In this specification, the restrictions of "one and only one" would be managed by code.

2.- Why would I choose this implementation, declining to use 3NF?

Best Answer

Both designs are technically 3NF, depending on your data population.

What a lot of people who have only a cursory understanding of formal normalization theory don't understand is that redundancy in foreign keys isn't really redundancy by definition. Transitive dependencies and partial dependencies apply to the way non-key attributes relate to key attributes.

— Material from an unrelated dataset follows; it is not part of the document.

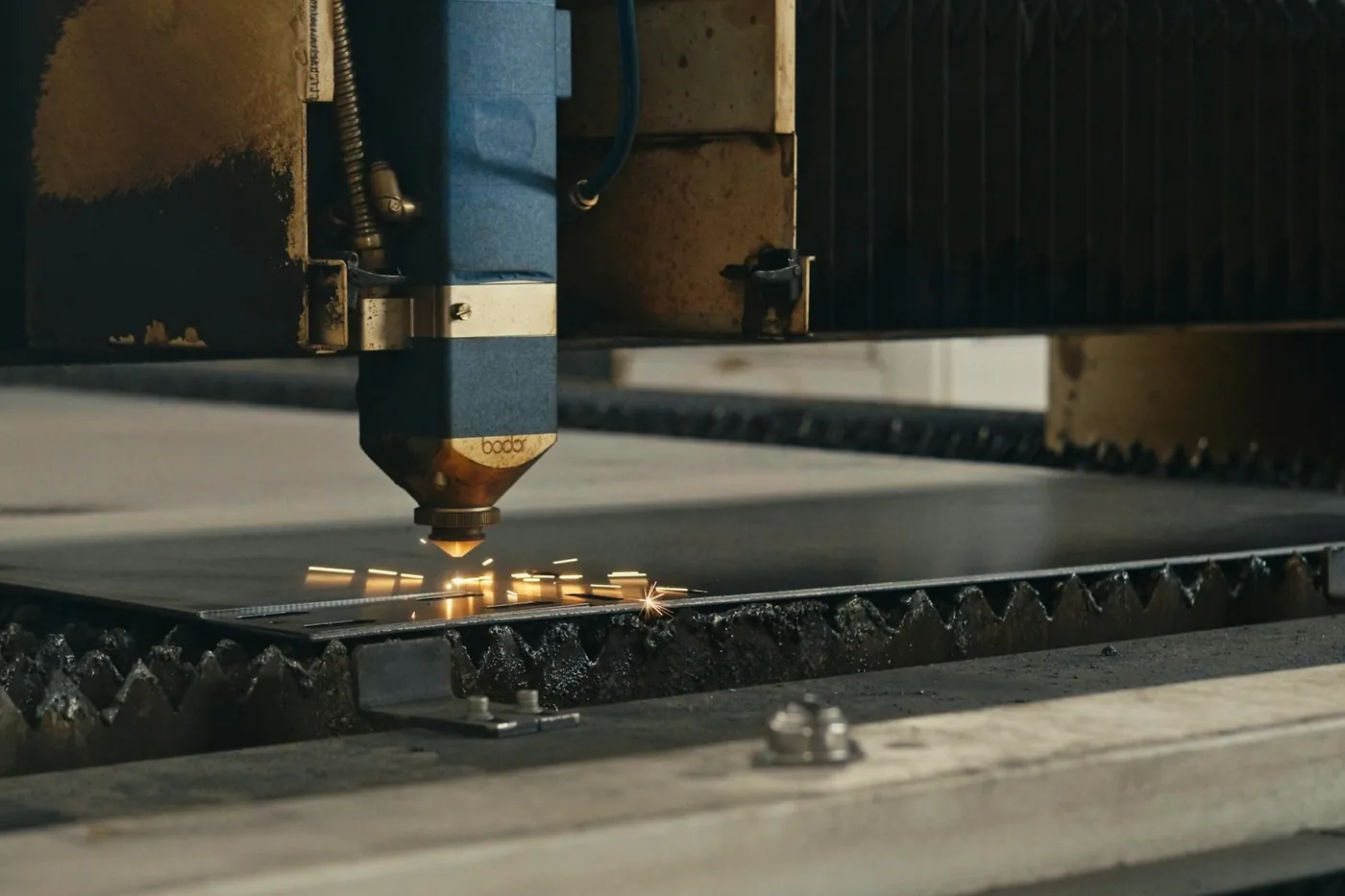 Steel plate being cut on a cutting table, with sparks.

If your composite keys happen to contain (or even consist of) foreign keys then whether your foreign key has the look of being denormalized isn't relevant. (i.e. Design 1 isn't redundant in a way which is significant to the formal definition of normal forms.)

The practical issue comes down to what the values of your keys are. If you have natural keys and the Part key consists of IDObject=123 and IDPart=1 - i.e. your IDPart values are natural number sequences which are only unique within the context of a given IDObject value, then you need to use design 1 (weak entities).

However, what a lot of people do for good (and less good) reasons is apply surrogate primary keys to every or nearly every table. I'm not going to get into whether or why to use surrogate keys. That is a holy war for another question. However, if you happen to have table-wide unique (e.g. IDENTITY) values for IDPart, then your primary key for Part is more complex than it needs to be using design 1. In that case, there is no need for IDObject in the PK of Part because the table already has a unique key just using IDPart. In such a case, design 2 is sufficient and simpler, therefore better, as a rule of thumb.

In practice, I would say weak entities are much more common in logical models than in physical models, if for no other reason than that most physical models tend to use surrogate primary keys.